WHAT NEEDS TO BE DONE – Take the line containing "Confezione Da 8" through the last line of the data and retype those lines exactly. Pictures do not belong in the copy.

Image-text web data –
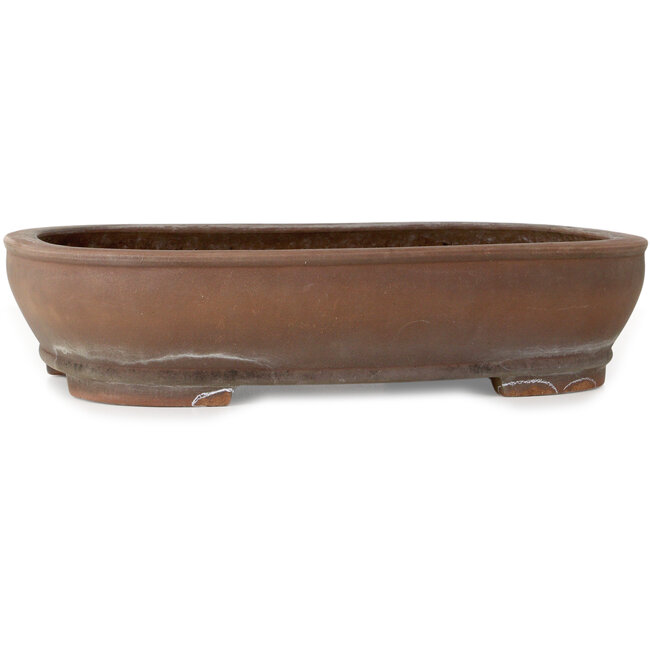 Oval unglazed bonsai pot by Izumiya (Zenigo) - 400 x 293 x 93 mm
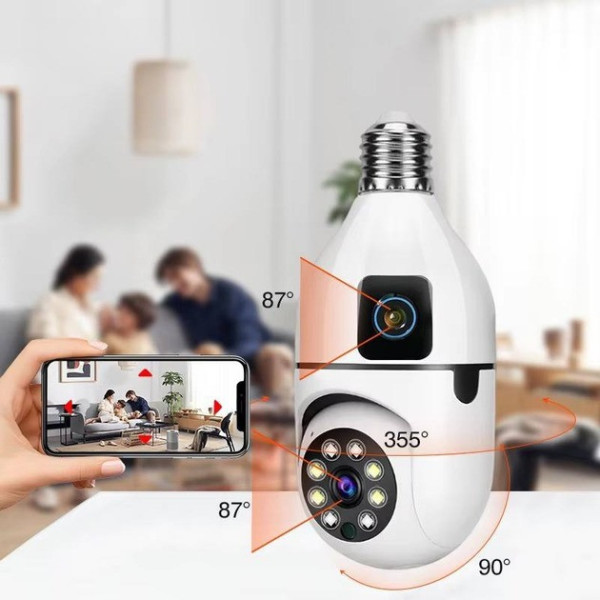 Wi-Fi камера двойная E27 Sq02 с ночным видением, датчиком движения и двусторонней связью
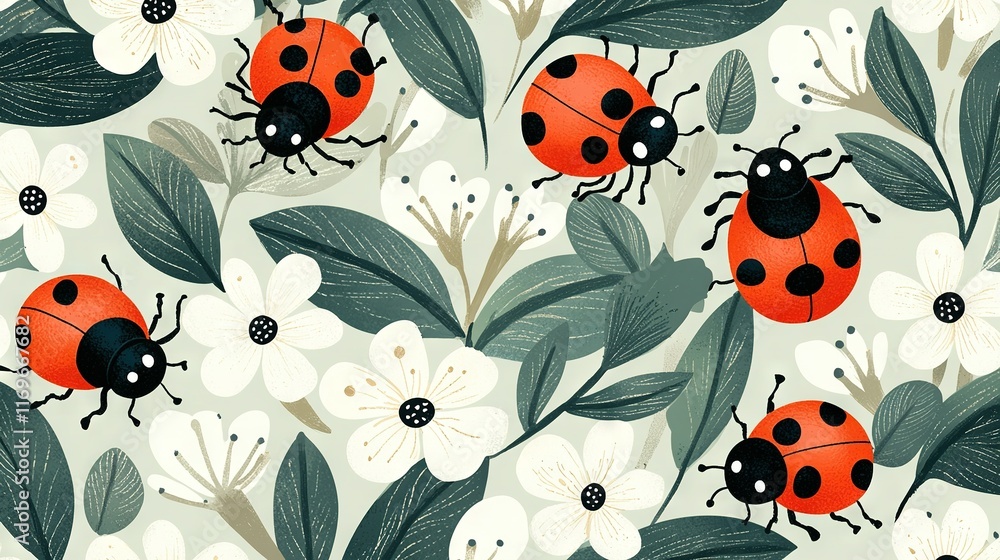 A field of white and green leaves and flowers with ladybugs sitting on a leaf top A field of white and green leaves and flowers with ladybugs sitting on a leaf top
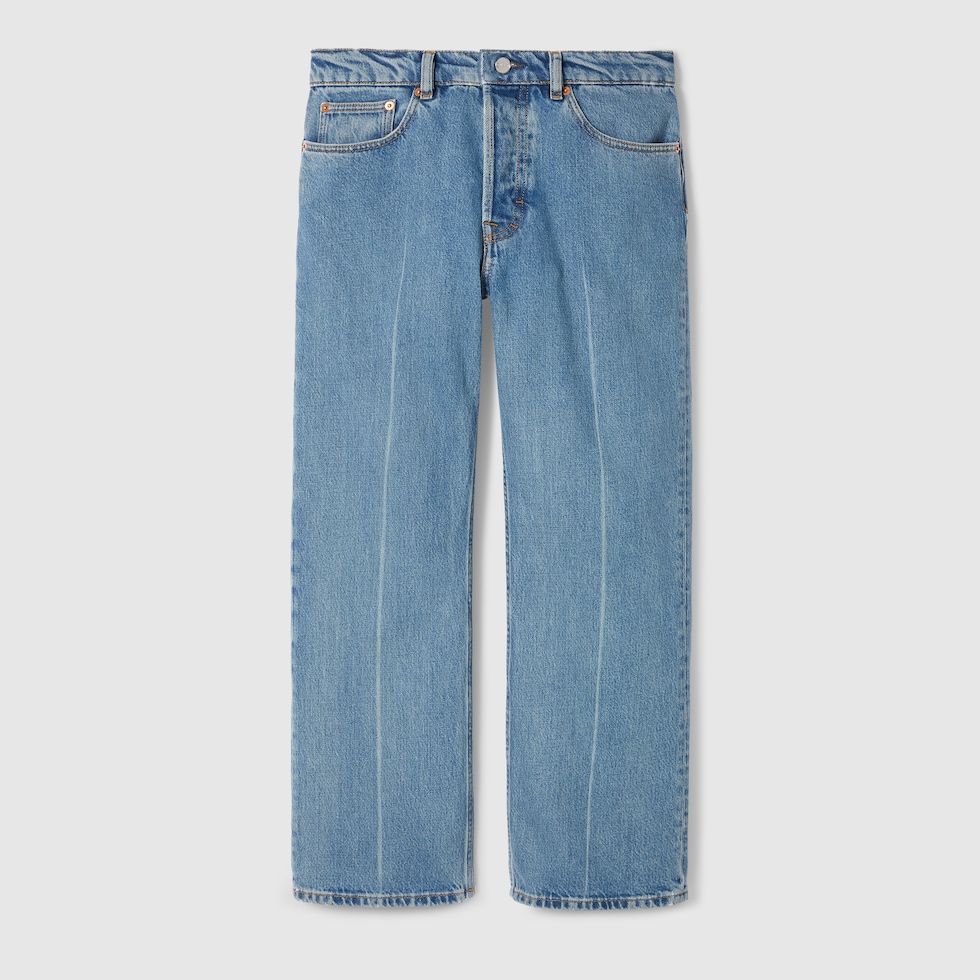 デニム・ジーパン GUCCI WIDE LIGHT BLUE JEANS WITH FADED EFFECT Gucci Wide-leg Denim Jeans With Faded Wash In Blue | ModeSens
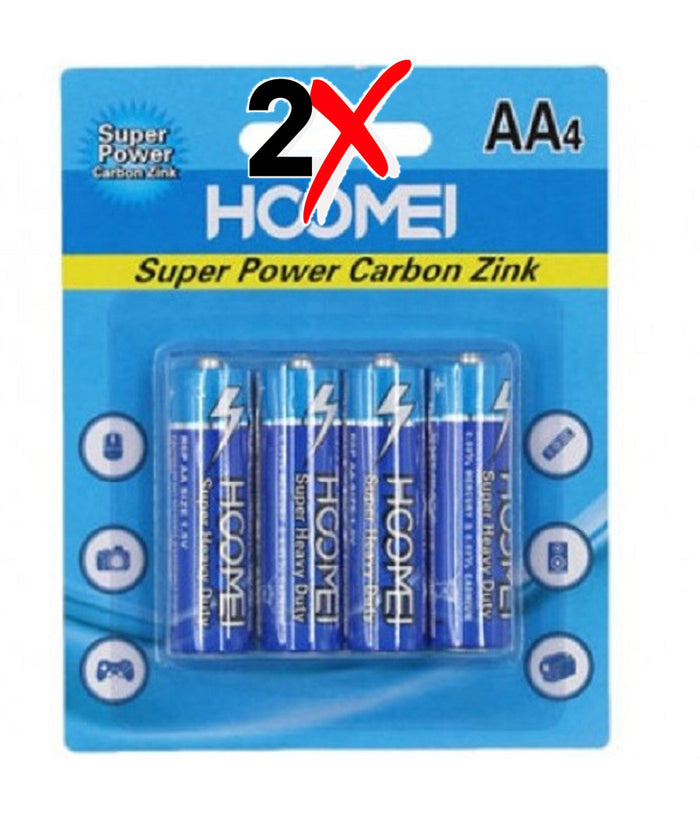 Confezione Da 8 Batterie Pile Stilo Super Power Zinco Aa 1,5v Super Potenti         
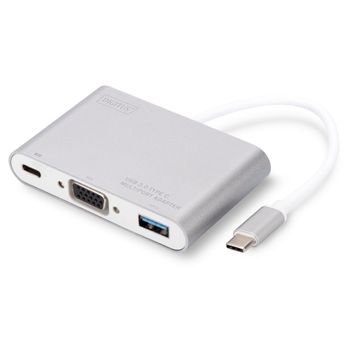 Conversor Adaptador Gráfico Usb-c A Vga Con Usb Y Jack De Carga, Digitus Da-70839 Podrá Añadir Una Pantalla Adicional A Su Pc.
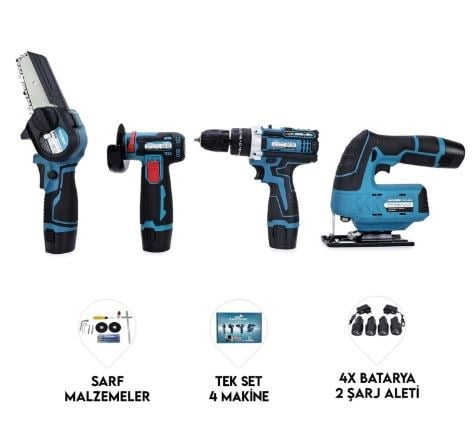 Dawreek Dortlu Set Mky (Mini Testere+ Avuc Taslama+ Akulu Vidalama+ Dekupaj)- Bt0203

OUTPUT OF THE TASK –
 Confezione Da 8 Batterie Pile Stilo Super Power Zinco Aa 1,5v Super Potenti         
 Conversor Adaptador Gráfico Usb-c A Vga Con Usb Y Jack De Carga, Digitus Da-70839 Podrá Añadir Una Pantalla Adicional A Su Pc.
 Dawreek Dortlu Set Mky (Mini Testere+ Avuc Taslama+ Akulu Vidalama+ Dekupaj)- Bt0203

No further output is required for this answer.